Problem statement: Using the listing below, output only the lines from the one that contains "Mouse rodents 🐭" through the one that contains "Close-up of a", inclusive, exactly as given and without images.

Dataset records:
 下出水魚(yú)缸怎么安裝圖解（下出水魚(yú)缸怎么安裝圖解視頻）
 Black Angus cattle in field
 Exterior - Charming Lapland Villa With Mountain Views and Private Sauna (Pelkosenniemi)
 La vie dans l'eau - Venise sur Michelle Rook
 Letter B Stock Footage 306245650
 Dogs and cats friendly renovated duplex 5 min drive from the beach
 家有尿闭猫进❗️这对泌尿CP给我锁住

---

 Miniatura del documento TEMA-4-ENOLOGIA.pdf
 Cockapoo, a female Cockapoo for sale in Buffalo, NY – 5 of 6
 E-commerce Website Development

---

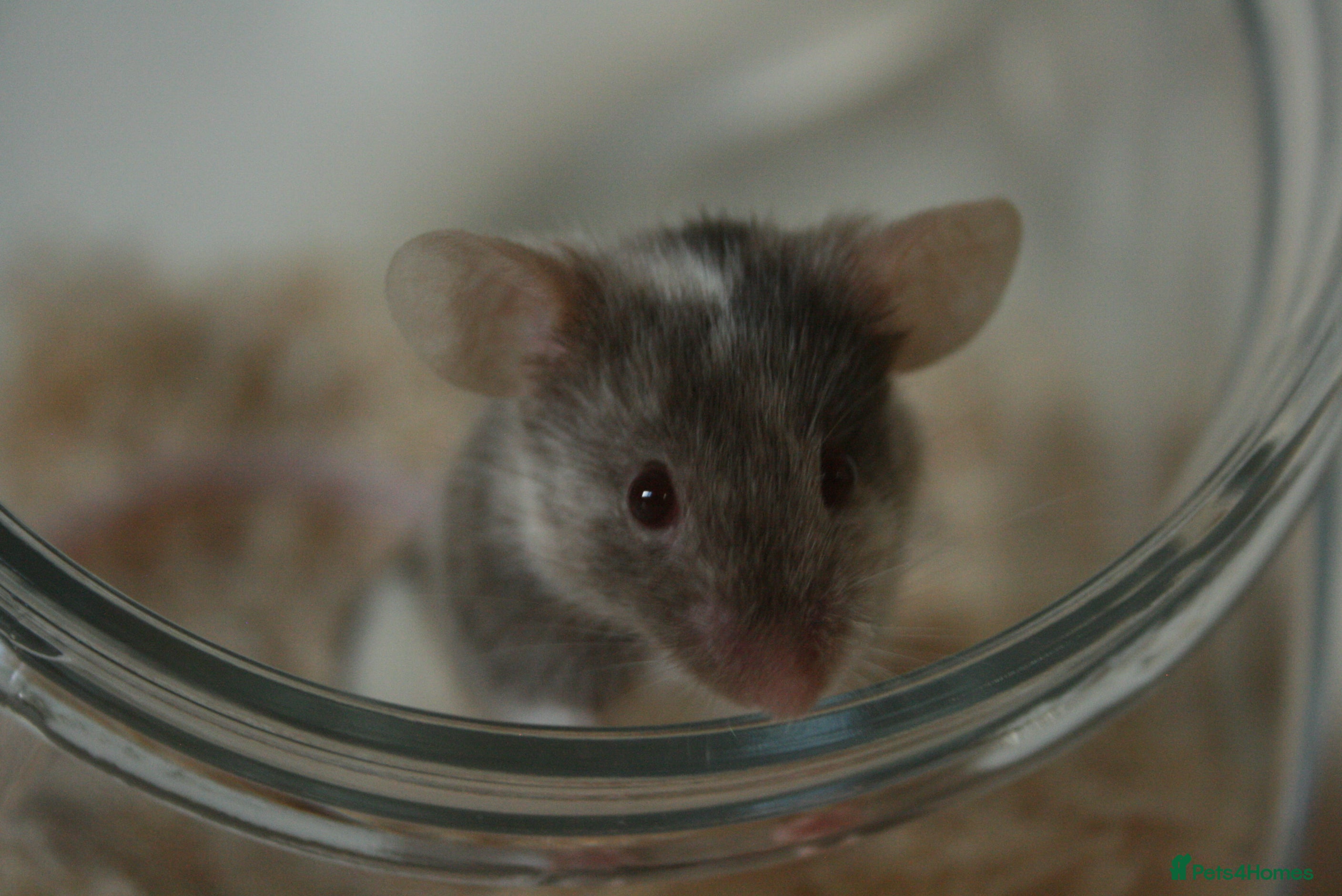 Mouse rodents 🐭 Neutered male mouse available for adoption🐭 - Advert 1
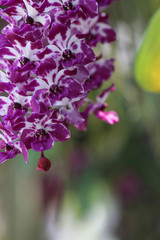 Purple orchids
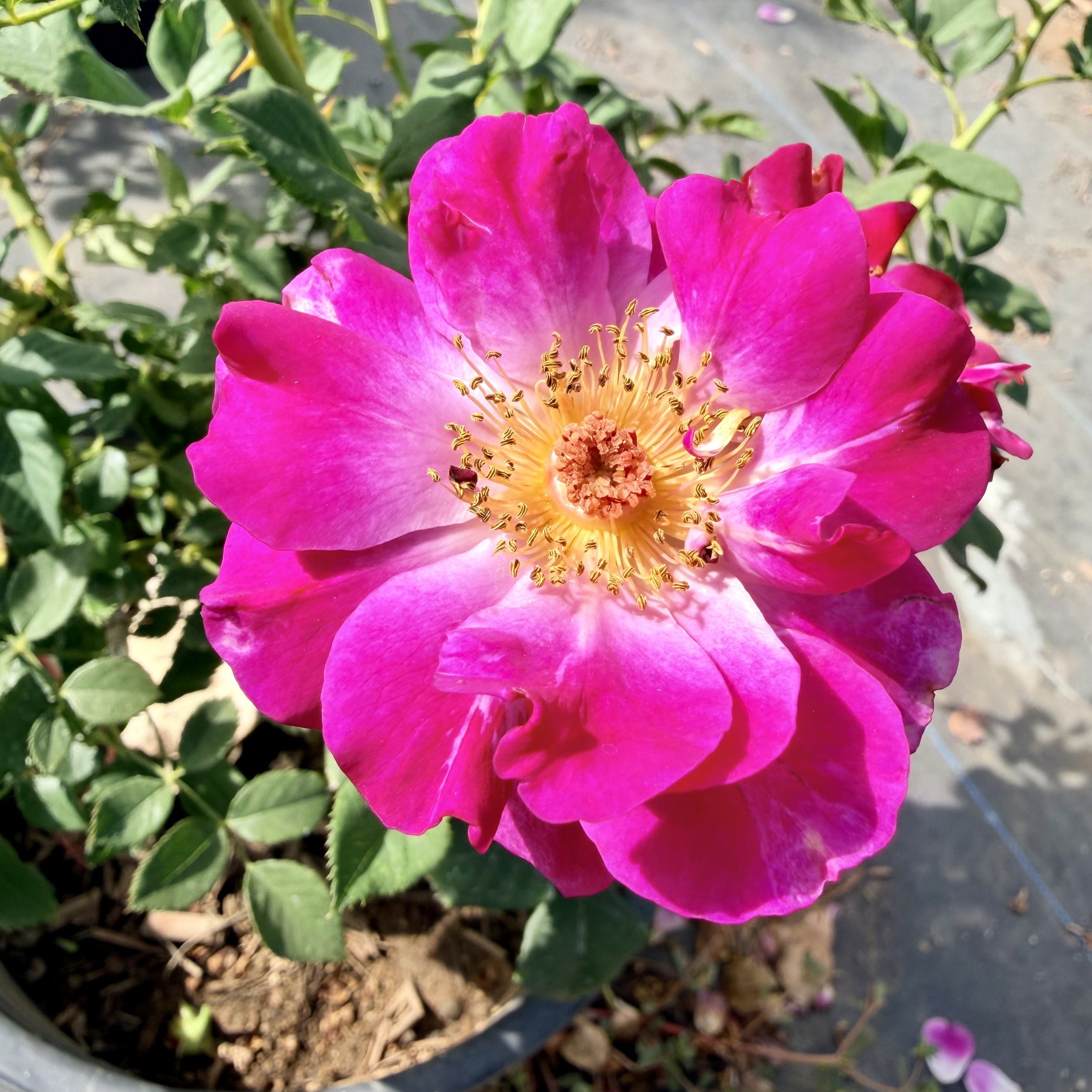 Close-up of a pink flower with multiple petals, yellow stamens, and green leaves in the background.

Your response:
 Mouse rodents 🐭 Neutered male mouse available for adoption🐭 - Advert 1
 Purple orchids
 Close-up of a pink flower with multiple petals, yellow stamens, and green leaves in the background.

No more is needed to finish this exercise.